Story Case

"We Knock The Spots" was the name of a company doing a clothes cleaning business in St. Louis, Missouri, with its cleaning shop in East St. Louis, Illinois. The company owned ten delivery automobiles which delivered the clothes to and from St. Louis, crossing the Mississippi River on a private ferry. In 1910, the city of St. Louis, Missouri, imposed an added vehicle tax upon all concerns whose plants were not within the state of Missouri. The "We Knock The Spots" Company objected to this tax, on the ground that it was doing an interstate business, not subject to this law. Is this correct?

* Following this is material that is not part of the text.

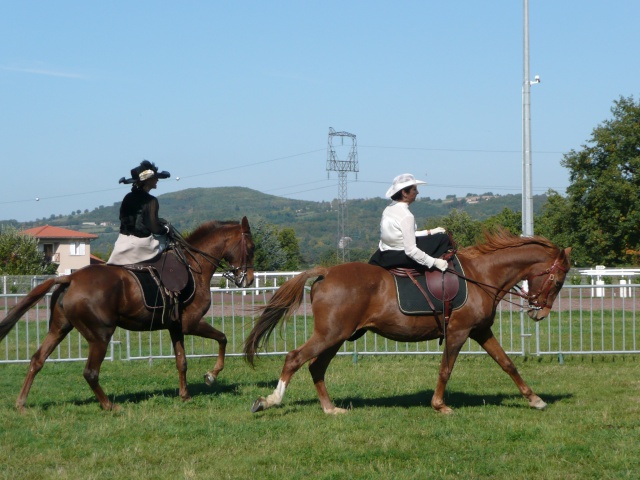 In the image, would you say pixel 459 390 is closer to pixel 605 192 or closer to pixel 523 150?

Ruling Court Case. Smith Vs. Jackson, Volume 103 Tennessee Reports, Page 673; Volume 47 Lawyers' Reports Annotated, Page 416

Tennessee levied a tax upon the agents for laundries located outside of the state, which was assessed against Smith. He protested against the payment of it, on the ground that he was engaged in interstate commerce so that the state had no authority to tax his business. He showed that he would collect laundry from the town in Tennessee and send it by express to the plant in Kentucky, where it would be washed and sent back to him for distribution. In spite of his protest, he was required to pay the special tax. This suit was brought by him against the county clerk, to recover the money he had paid. It was admitted that the state had no power to burden interstate commerce with a tax, and this transaction was obviously interstate. The only question remaining was whether this course of dealing constituted commerce.

It was decided that it was not commerce to apply labor to goods, even though the goods were first transported for the purpose. Mr. Justice Beard, delivering the opinion of the court, said: "The word 'commerce' cannot be held to embrace a transaction such as is here presented. In a case like the present, nothing, in the true commercial sense, is sold or exchanged. There is no commodity created of which the ownership is changed. It is simply a personal contract, based on a valuable consideration, having no element of a commercial transaction."

Since this was not commerce, its interstate character did not bring it within the Federal Constitution, and the state retained full power over it. The law imposing the tax was therefore valid, the money had been legally collected, and judgment was given for the defendant, Jackson, the county clerk.

Ruling Law. Story Case Answer

Transportation excepted, almost all the cases involving the interstate commerce clause arise out of sales. Unless transportation is involved, there must be the exchange or sale of a commodity. Therefore, transactions involving merely the bestowal of labor upon articles and returning them is not commerce. The company, in the Story Case, cannot, therefore, come within the protection of the interstate commerce clause.